6  Hato-fetch

Hato-fetch is a Swiss-Army knife tool for moving mail back and forth between different sources and formats, and optionally running in a daemon mode to periodically poll the same sources (i.e. it can do what fetchmail does - but better).

The basic usage is like the Unix cp(1) command:

$ hato-fetch source1 source2 ... dest

This will copy all of the messages in each of the source folders to the final destination folder. Folders may be actual local files (in any of mbox, mh or maildir format), or any of a number of URI schema, described in detail below.

You can specify only one argument, and it will use the default destination, which is your default Hato MTA filter  /.hato/filter, if that file exists, or otherwise your local mail spool. This default filter can also be specified explicitly with the hato: URI, which you’ll need if you want to fetch multiple sources into the default.

If you specify zero arguments, then it uses the same default destination along with the default sources as specified in  /.hato/fetch/config. This is the usual way to run like fetchmail.

6.1  Hato-fetch Usage

-h –help print a help message and exit
-V –version print version and exit
-c –config=FILE specify config file (default  /.hato/fetch/conf)
–no-config don’t use any config file
-n –no-run trial run, verify servers but don’t fetch
-d –daemon run the command periodically as a daemon
-k –kill kill running daemon
-i –interval=N interval to use in seconds (default 60)
–delete delete fetched messages (i.e. mv instead of cp)
–delete-after=N delete old messages after N days
-f –filter key[=val] fetch only messages where the key (header) matches
-r –remove key[=val] exclude messages where the key (header) matches
–cc=MBOX CC to an extra destination mbox
–allow-relay enable relaying to external mail addresses

The options are fairly straightforward, and any potentially “dangerous” options must be spelled out in full - there are no short forms.

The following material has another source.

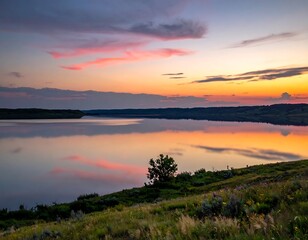 Obraz premium A serene landscape of a body of water at sunset with a tree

The –no-run option means to verify any POP or IMAP servers, prompting for a password if needed, and also checking mailboxes in the case of IMAP, but not to actually retrieve any messages. It can be useful when you want to verify your configuration.

–daemon repeats the request periodically in the given interval (identical to fetchmail), and –kill can be used to terminate a running daemon.

–delete indicates to expunge any fetched messages from the source, effectively making the command behave like mv(1) rather than cp(1) - or even rm(1) if you use a null output destination.

–delete-after removes old messages after a certain number of days. This can be useful if you want to keep messages on a server, for remote access or to enable fetching from multiple clients, but you want to avoid using up all the server space.

–filter and –remove are analogues of the SRFI-1 procedures of the same names. Only messages passing all filters and not removed by any of the removes will be fetched. In the case of IMAP, some or all of the filtering may be handled server-side - otherwise we first fetch the message and then decide whether or not to keep it. The keywords are testing for the (case-insensitive) values of MIME headers in the message, or simply the existence of the header if no value is specified. Two special keywords are “larger” and “smaller” which instead act on the size of the message in bytes. Other special keywords may be added later.

–cc allows you to specify multiple outputs, since the syntax only allows one output by default. It uses the general output URI syntax and is not limited to email addresses.

–allow-relay is required if you want to specify an external email address as an output destination (or a result from Hato filtering). This is because it seems fetching to an address seems a somewhat uncommon case, and it would best to avoid accidentally spamming 5000 messages from a local mail spool. Local email addresses are always allowed as destinations, however.

6.2  Input Sources

/path/to/file mbox, mh or maildir recognized
file:/path/to/file same as above
pipe:command use piped I/O to/from a command
|command same as above
alias:name a named mbox from the config file
:name same as above
imap[s]://user@host/[mailbox] fetch from an IMAP server
pop[s]://user@host fetch from a POP server
test:[subject] generate a dummy message for testing
null: the bit bucket
- stdin/stdout

Most of the inputs are straightforward. pipe: will run the given command and copy the output to the destination(s). If the output is not a valid message beginning with MIME headers, then it will automatically be encapsulated as a message with a Subject: line of “output of command”.

An alias: source just refers to a named source defined in your config file, as explained below.

The test: source just generates a time-stamped dummy message, which can be very handy for testing your output sources. The null: source doesn’t generate a message at all.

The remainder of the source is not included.